Problem description:
Can you transcribe the data exactly? Leave the pictures out.

Supplied information:
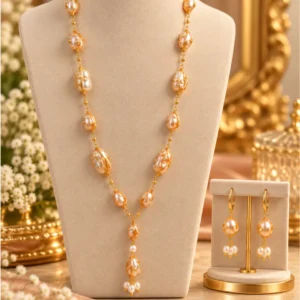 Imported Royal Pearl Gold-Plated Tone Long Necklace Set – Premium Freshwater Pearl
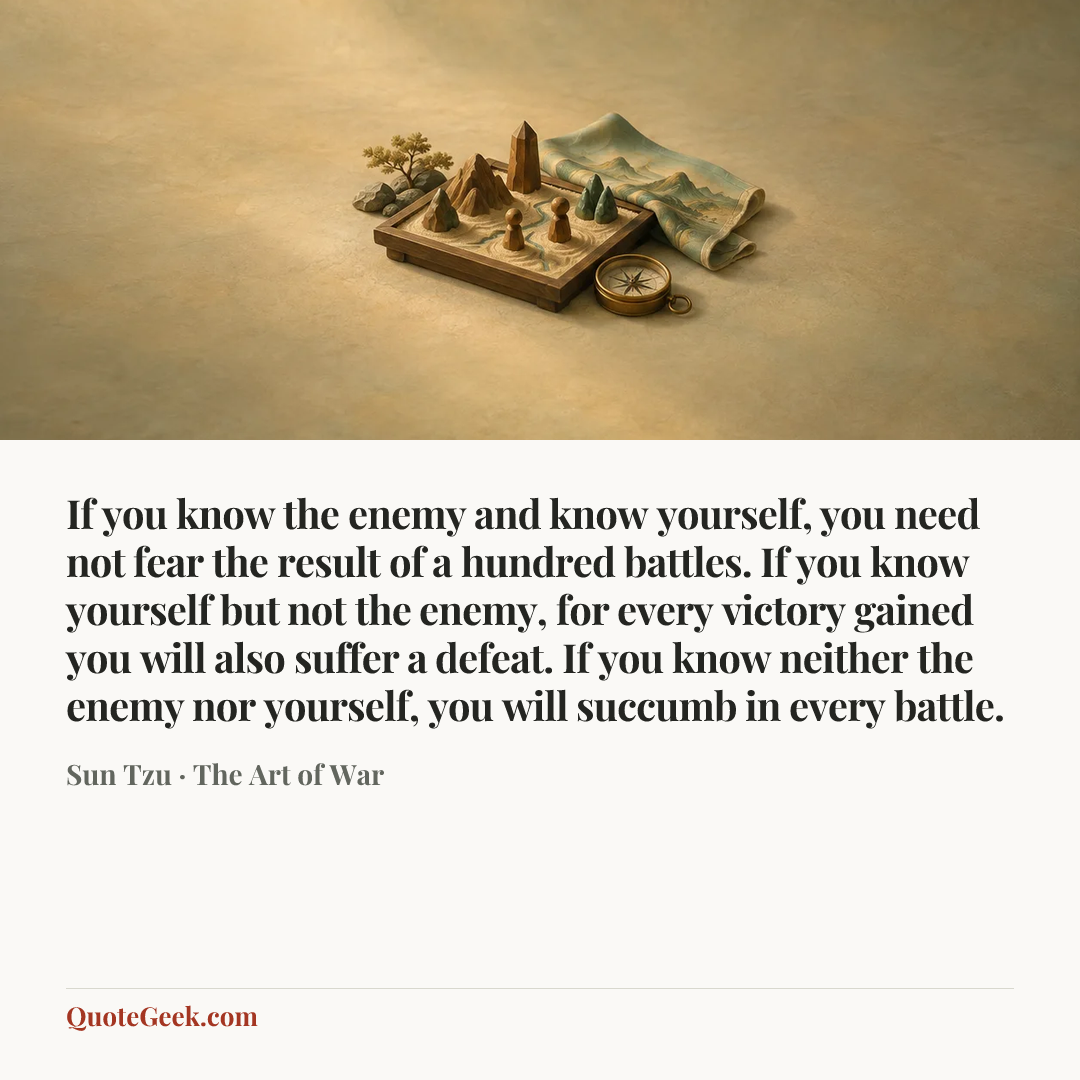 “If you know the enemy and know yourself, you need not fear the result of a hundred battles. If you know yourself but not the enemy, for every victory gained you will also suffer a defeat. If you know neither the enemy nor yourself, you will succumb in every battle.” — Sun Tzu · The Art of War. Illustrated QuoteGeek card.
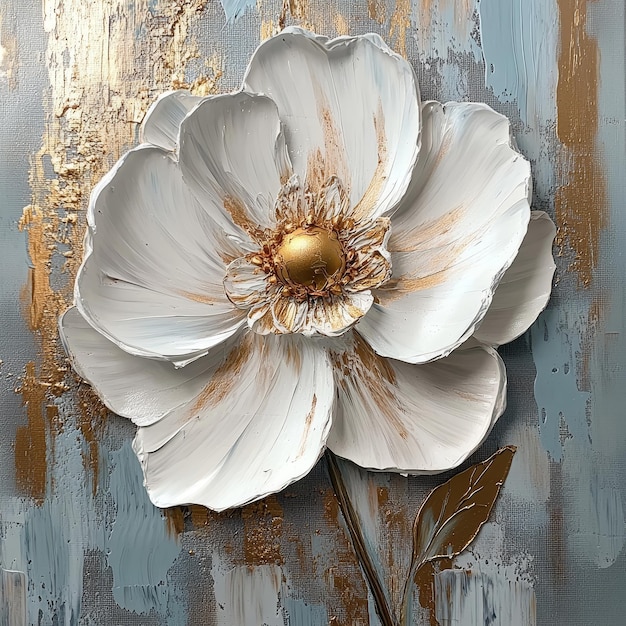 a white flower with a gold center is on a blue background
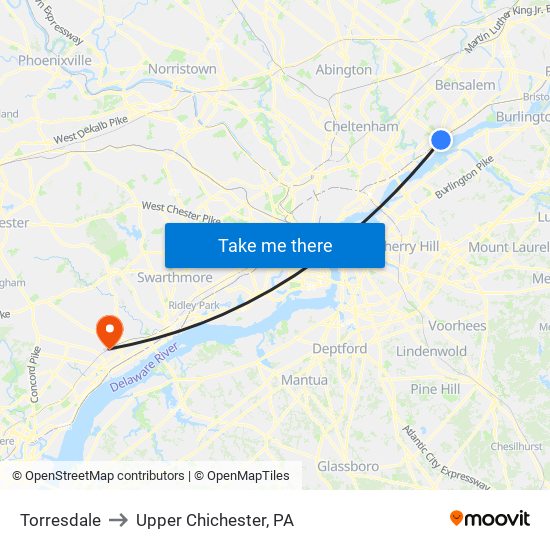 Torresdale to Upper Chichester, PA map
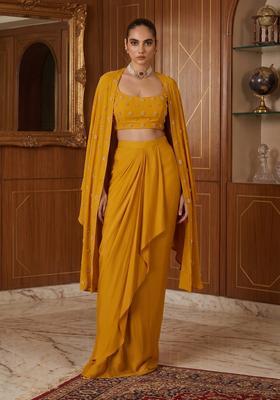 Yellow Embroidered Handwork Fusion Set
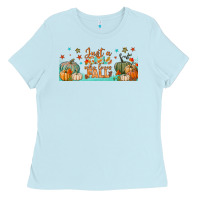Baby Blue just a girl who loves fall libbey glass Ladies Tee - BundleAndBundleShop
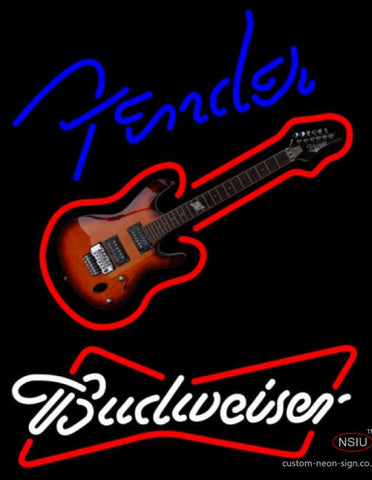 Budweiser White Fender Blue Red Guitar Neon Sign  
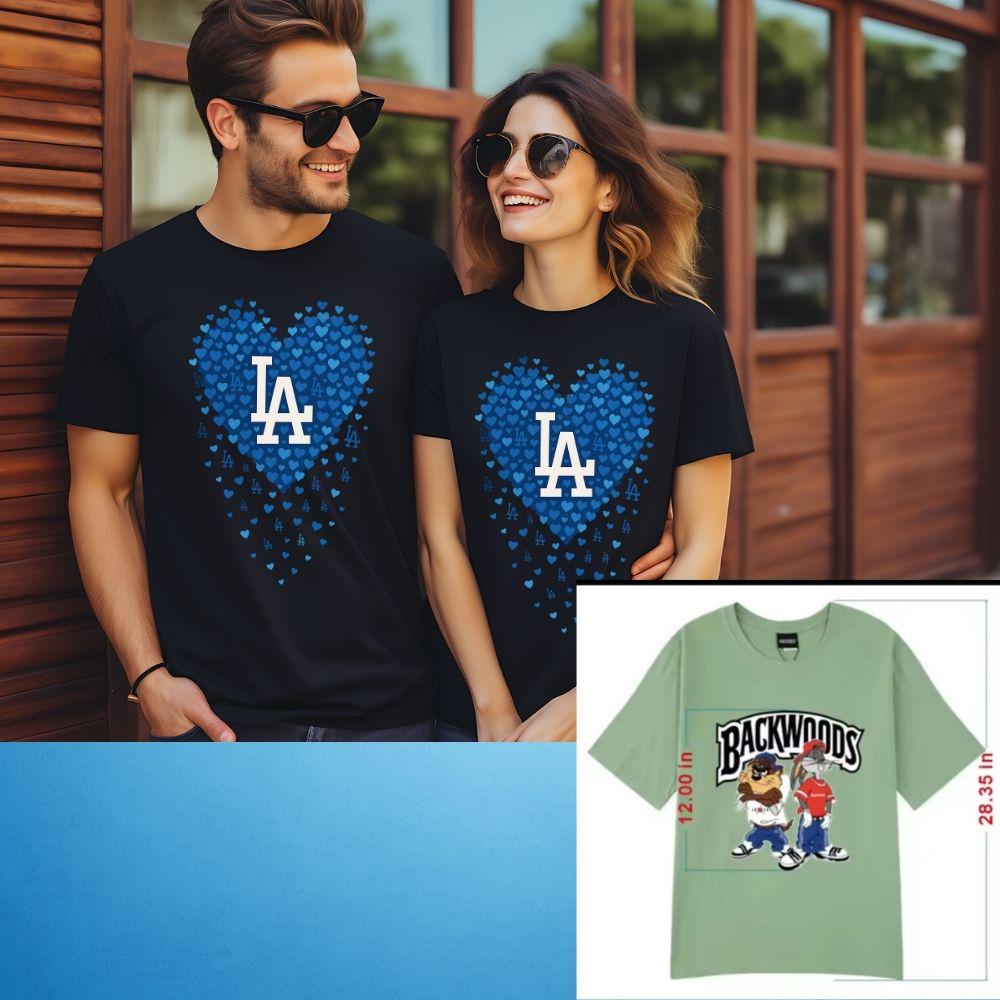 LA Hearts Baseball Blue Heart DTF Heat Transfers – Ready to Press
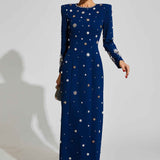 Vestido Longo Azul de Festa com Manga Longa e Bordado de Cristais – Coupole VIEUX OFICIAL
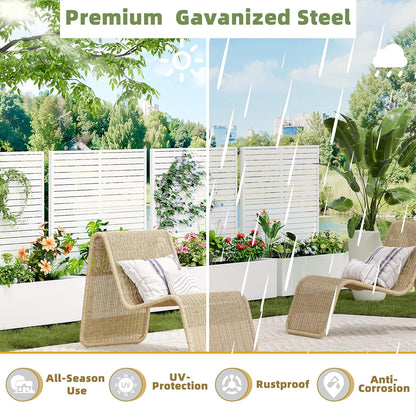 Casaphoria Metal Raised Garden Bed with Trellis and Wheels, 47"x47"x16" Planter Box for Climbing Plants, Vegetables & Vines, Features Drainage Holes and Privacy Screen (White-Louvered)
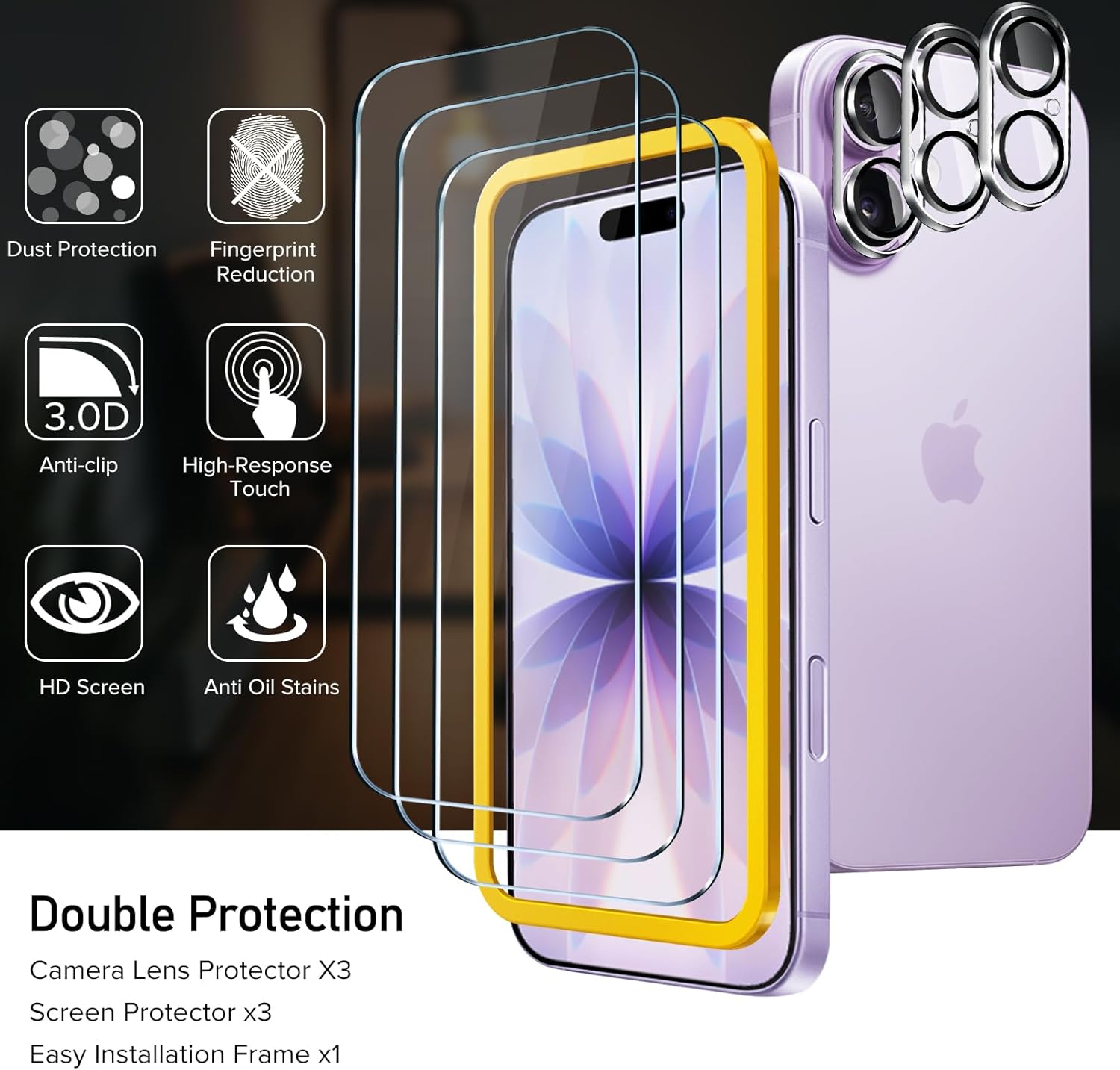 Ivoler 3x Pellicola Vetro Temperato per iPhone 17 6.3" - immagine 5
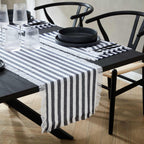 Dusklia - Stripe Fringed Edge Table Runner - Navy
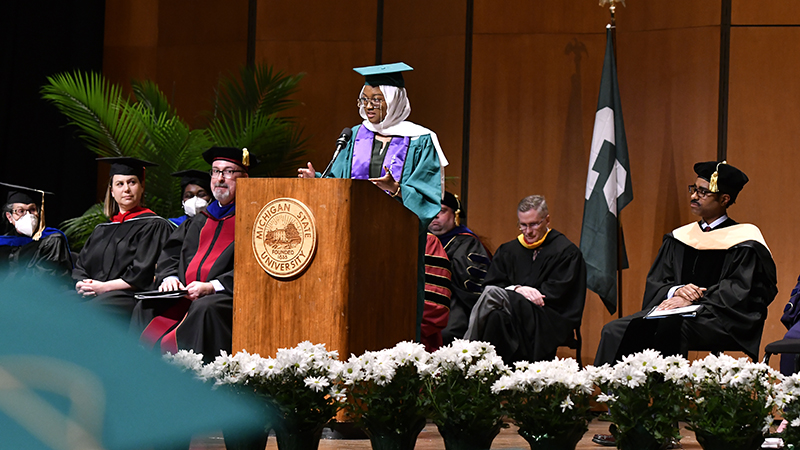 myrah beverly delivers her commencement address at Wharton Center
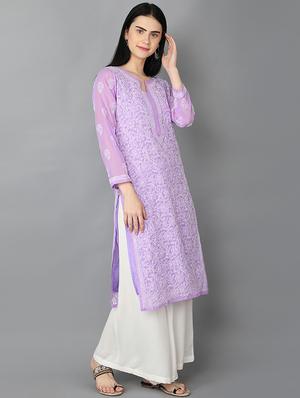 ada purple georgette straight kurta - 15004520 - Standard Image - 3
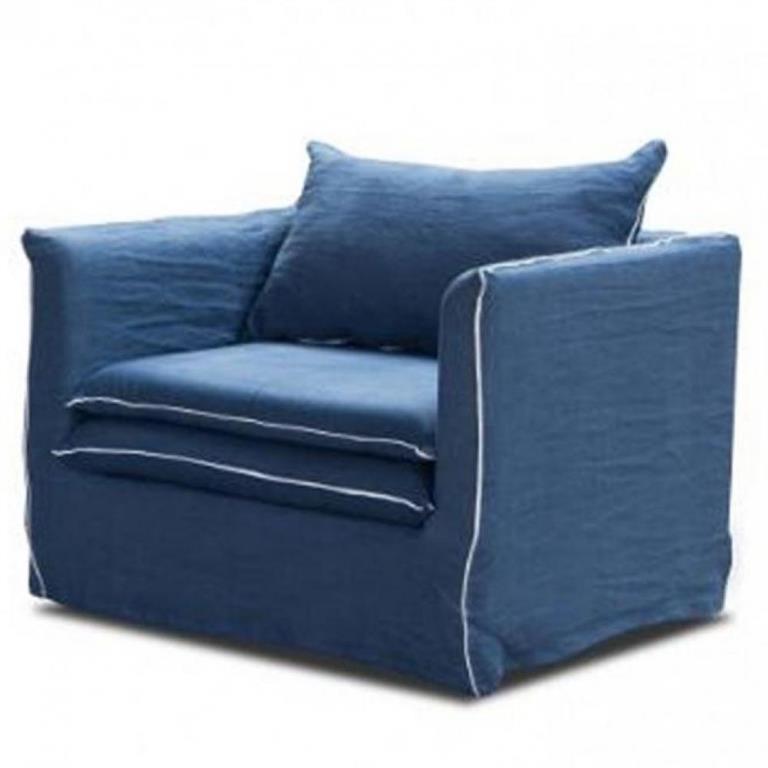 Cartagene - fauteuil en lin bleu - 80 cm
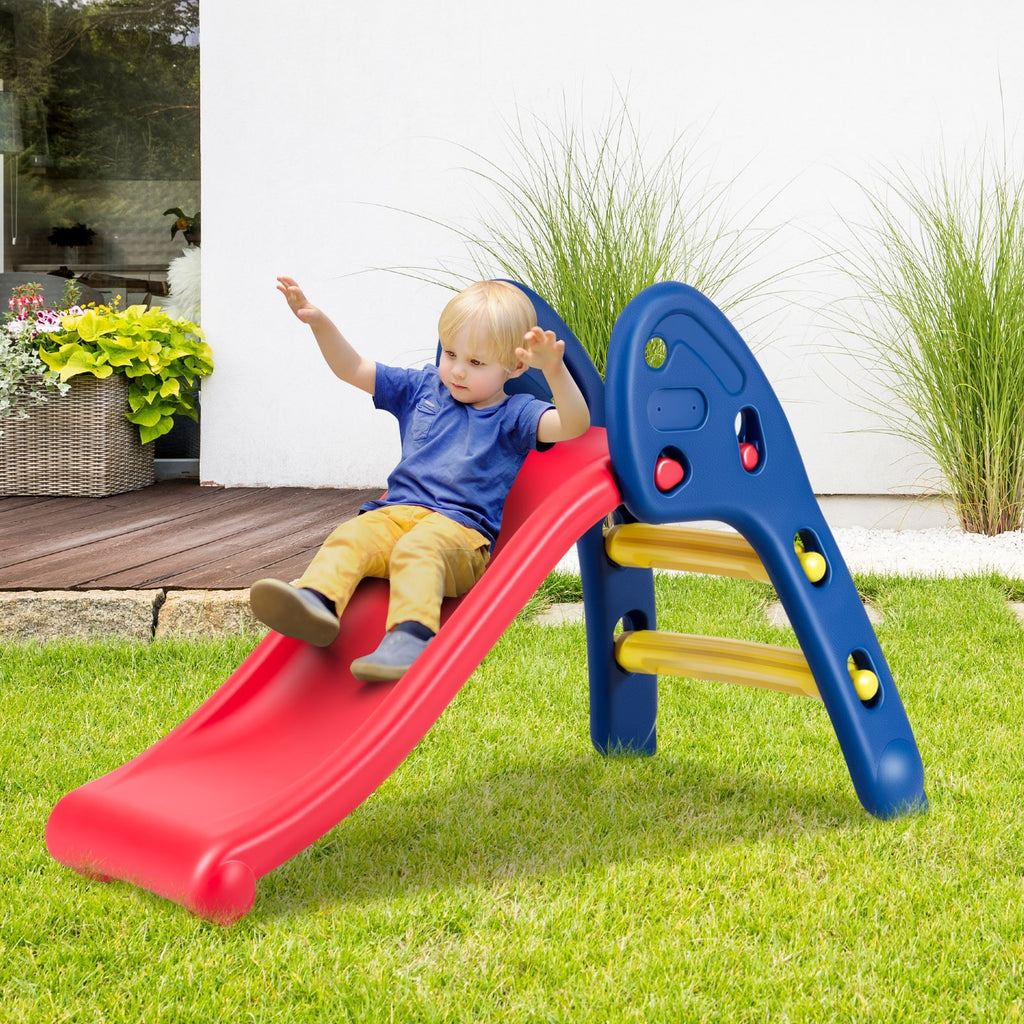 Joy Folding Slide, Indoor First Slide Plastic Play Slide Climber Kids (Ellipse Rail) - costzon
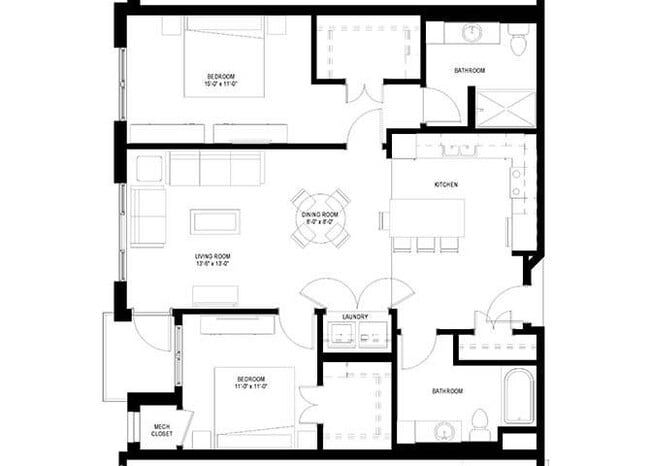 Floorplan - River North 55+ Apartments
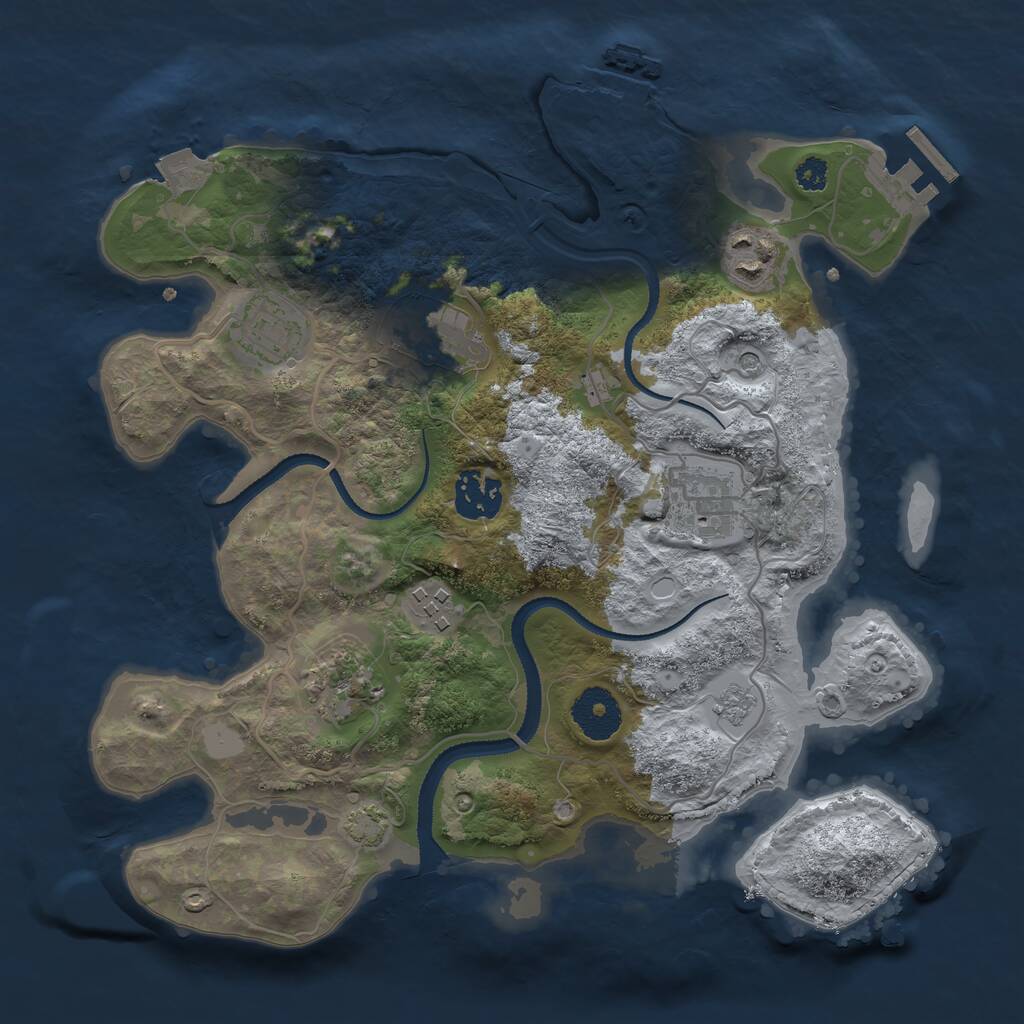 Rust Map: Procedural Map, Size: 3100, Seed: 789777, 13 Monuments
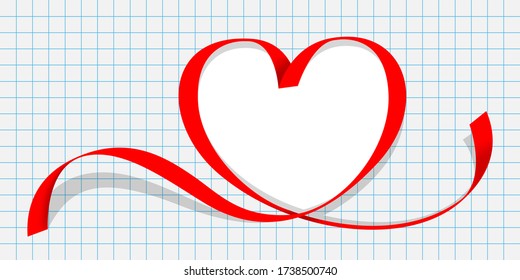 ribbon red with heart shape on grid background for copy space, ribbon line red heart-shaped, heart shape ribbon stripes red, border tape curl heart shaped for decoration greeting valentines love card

Task solution:
 Imported Royal Pearl Gold-Plated Tone Long Necklace Set – Premium Freshwater Pearl
 “If you know the enemy and know yourself, you need not fear the result of a hundred battles. If you know yourself but not the enemy, for every victory gained you will also suffer a defeat. If you know neither the enemy nor yourself, you will succumb in every battle.” — Sun Tzu · The Art of War. Illustrated QuoteGeek card.
 a white flower with a gold center is on a blue background
 Torresdale to Upper Chichester, PA map
 Yellow Embroidered Handwork Fusion Set
Baby Blue just a girl who loves fall libbey glass Ladies Tee - BundleAndBundleShop
 Budweiser White Fender Blue Red Guitar Neon Sign  
 LA Hearts Baseball Blue Heart DTF Heat Transfers – Ready to Press
 Vestido Longo Azul de Festa com Manga Longa e Bordado de Cristais – Coupole VIEUX OFICIAL
 Casaphoria Metal Raised Garden Bed with Trellis and Wheels, 47"x47"x16" Planter Box for Climbing Plants, Vegetables & Vines, Features Drainage Holes and Privacy Screen (White-Louvered)
 Ivoler 3x Pellicola Vetro Temperato per iPhone 17 6.3" - immagine 5
 Dusklia - Stripe Fringed Edge Table Runner - Navy
 myrah beverly delivers her commencement address at Wharton Center
 ada purple georgette straight kurta - 15004520 - Standard Image - 3
 Cartagene - fauteuil en lin bleu - 80 cm
 Joy Folding Slide, Indoor First Slide Plastic Play Slide Climber Kids (Ellipse Rail) - costzon
 Floorplan - River North 55+ Apartments
 Rust Map: Procedural Map, Size: 3100, Seed: 789777, 13 Monuments
 ribbon red with heart shape on grid background for copy space, ribbon line red heart-shaped, heart shape ribbon stripes red, border tape curl heart shaped for decoration greeting valentines love card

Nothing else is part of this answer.